(PROBLEM TO SOLVE) Taking the line with "Mast Elixir By" as the first and the line with "soultrain soul train episode 173 GIF" as the last, set down exactly every line in that range from the entries below, and no more.

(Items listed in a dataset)
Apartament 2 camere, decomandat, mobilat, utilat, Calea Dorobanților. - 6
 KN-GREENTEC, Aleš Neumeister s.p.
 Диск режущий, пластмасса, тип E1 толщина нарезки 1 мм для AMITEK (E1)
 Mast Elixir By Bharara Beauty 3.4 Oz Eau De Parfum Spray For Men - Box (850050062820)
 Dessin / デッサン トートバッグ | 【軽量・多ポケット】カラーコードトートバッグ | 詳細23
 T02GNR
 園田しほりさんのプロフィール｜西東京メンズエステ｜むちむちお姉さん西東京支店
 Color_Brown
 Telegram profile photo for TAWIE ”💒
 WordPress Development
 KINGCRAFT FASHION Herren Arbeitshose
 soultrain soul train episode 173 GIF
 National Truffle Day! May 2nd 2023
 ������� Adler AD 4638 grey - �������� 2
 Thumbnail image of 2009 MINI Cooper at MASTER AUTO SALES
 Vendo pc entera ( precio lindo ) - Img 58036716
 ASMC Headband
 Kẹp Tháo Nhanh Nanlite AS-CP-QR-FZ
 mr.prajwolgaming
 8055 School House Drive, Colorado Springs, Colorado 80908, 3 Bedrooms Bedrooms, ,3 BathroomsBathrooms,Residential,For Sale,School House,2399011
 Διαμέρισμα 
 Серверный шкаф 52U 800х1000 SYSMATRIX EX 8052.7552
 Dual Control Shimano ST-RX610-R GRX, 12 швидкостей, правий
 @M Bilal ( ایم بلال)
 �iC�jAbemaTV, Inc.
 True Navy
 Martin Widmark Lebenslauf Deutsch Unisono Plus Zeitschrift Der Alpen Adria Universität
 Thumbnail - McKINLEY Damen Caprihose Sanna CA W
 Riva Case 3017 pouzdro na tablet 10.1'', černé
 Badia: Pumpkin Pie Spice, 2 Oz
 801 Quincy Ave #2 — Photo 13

(TASK SOLUTION)
 Mast Elixir By Bharara Beauty 3.4 Oz Eau De Parfum Spray For Men - Box (850050062820)
 Dessin / デッサン トートバッグ | 【軽量・多ポケット】カラーコードトートバッグ | 詳細23
 T02GNR
 園田しほりさんのプロフィール｜西東京メンズエステ｜むちむちお姉さん西東京支店
 Color_Brown
 Telegram profile photo for TAWIE ”💒
 WordPress Development
 KINGCRAFT FASHION Herren Arbeitshose
 soultrain soul train episode 173 GIF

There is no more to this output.